Authored by Pete McGinnis via RealClearPolicy,
Two years on from COVID, the agency noticed sparse HQ attendance.
Someday, it may end up being one of those hoary old philosophical saws: “If the lease on a government agency’s headquarters expires, but nobody actually works there, do the taxpayers’ sighs of relief make a sound?”
The National Aeronautics and Space Administration (NASA) may have the honor of being the first federal agency to find out. Heavily redacted communications obtained by the Functional Government Initiative (FGI) show that the lease on NASA’s headquarters expires in 2028. An email from an official at the General Services Administration, which manages offices and properties for the federal government, said, “The agency is starting the process of evaluating options including leasing, buying a different building, or construction of a new headquarters building, all within the Washington area and close to public transportation.” There was one big problem: knowing how many workers a new HQ will have to house, because nobody at the agency seems to know how many workers show up at the office now.

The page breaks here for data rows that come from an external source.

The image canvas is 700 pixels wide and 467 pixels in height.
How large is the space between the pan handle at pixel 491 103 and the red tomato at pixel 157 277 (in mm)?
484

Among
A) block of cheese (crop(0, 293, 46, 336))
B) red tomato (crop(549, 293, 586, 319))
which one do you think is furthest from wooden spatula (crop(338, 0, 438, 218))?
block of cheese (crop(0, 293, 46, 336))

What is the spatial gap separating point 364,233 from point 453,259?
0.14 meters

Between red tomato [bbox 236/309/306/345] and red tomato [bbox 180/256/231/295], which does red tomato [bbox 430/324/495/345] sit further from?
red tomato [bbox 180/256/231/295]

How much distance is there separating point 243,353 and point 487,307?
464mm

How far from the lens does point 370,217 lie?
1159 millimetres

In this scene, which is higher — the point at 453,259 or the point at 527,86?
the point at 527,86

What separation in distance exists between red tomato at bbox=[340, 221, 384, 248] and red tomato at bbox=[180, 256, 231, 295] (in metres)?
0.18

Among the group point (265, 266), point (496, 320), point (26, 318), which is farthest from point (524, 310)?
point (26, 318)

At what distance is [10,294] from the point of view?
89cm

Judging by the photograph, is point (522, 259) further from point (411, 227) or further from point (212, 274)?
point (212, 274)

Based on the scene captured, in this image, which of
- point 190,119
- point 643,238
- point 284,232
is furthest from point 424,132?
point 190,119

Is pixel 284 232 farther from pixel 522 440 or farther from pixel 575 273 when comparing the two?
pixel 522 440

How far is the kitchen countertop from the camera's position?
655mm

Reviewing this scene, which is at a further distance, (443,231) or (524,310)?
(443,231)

NASA email chains reflect the confusion. One staffer involved in the discussion asked, “Are enterprise organizations on remote work agreements counted in their analysis of under 50% work being performed on-site?” Another had to explain that “100% telework … that is not a thing!” Apparently “Telework Coordinators” are doing a review of each pay period to determine who coded to 100% telework, the reason why, and conducting education and counseling when needed. The last alternative is the employee is not reporting onsite on a regular basis without approval and in contradiction to the regulation.

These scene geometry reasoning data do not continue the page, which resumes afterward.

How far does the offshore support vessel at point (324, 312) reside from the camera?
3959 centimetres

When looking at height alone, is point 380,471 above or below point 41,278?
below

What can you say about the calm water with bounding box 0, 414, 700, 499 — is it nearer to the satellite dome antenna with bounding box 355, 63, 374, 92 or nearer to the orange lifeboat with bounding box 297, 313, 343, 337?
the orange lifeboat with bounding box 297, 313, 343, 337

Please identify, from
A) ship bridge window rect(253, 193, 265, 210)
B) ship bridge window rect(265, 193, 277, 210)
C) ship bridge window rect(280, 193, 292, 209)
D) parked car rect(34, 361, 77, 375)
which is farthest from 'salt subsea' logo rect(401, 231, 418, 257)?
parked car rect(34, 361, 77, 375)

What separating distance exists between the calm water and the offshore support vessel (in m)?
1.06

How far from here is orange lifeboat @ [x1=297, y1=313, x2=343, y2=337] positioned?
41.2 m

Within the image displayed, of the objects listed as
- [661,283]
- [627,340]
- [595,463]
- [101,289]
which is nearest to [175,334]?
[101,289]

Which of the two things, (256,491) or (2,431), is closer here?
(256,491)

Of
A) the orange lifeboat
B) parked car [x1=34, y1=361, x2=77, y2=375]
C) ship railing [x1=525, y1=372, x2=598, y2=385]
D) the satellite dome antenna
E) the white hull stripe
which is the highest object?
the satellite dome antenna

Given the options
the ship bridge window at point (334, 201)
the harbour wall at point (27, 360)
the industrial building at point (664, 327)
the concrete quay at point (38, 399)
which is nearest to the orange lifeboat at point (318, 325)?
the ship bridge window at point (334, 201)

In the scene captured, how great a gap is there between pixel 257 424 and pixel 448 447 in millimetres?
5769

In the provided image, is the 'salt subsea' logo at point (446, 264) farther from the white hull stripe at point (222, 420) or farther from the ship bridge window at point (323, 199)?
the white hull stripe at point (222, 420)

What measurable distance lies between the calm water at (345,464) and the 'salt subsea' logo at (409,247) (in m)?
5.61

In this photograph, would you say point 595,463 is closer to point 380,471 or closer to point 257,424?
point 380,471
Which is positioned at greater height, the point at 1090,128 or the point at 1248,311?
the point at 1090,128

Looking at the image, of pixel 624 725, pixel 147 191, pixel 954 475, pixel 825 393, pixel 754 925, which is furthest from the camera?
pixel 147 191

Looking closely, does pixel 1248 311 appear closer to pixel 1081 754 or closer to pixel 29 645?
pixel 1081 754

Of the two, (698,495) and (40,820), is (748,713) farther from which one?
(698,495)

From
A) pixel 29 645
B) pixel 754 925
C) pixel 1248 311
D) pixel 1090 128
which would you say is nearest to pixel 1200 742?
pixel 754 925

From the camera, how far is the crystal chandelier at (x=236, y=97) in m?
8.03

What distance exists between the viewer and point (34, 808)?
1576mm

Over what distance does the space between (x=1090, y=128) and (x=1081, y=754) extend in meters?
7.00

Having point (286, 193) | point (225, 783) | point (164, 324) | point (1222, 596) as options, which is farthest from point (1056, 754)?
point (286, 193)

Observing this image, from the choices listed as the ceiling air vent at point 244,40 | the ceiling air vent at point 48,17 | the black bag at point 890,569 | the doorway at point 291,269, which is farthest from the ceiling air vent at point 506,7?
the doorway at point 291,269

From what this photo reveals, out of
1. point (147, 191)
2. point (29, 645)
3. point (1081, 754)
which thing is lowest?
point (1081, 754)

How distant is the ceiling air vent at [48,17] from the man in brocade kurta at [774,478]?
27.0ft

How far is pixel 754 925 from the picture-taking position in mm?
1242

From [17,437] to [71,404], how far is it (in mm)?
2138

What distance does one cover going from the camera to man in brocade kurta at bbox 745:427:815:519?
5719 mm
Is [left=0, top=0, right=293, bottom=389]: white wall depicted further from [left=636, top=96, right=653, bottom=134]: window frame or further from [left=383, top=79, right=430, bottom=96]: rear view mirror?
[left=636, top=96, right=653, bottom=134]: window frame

(Ironically, we know of two NASA employees who would dearly love to work from home but can’t. Rest assured, NASA’s doing everything that can be done while in PJs and bunny slippers to get its astronauts home. In the meantime, it’s good to know the SpaceX offices are rocking.)
Of course, it’s not only NASA. In spring 2023, the House Subcommittee on Government Operations and the Federal Workforce asked 25 agencies to report on the status of their telework arrangements. On November 29, 2023, Subcommittee Chairman Pete Sessions told a hearing, “I want to be clear, of the 25 agencies we wrote last spring, many responses were not, in fact, responsive. Eleven of the 25 did not include any figures at all regarding how many of their employees were currently teleworking—either in the Washington, D.C. area or agency-wide.” On the other side of the Capitol, Senator Joni Ernst (Iowa) has been aggressive in her push for transparency in telework and waste from mostly empty federal buildings.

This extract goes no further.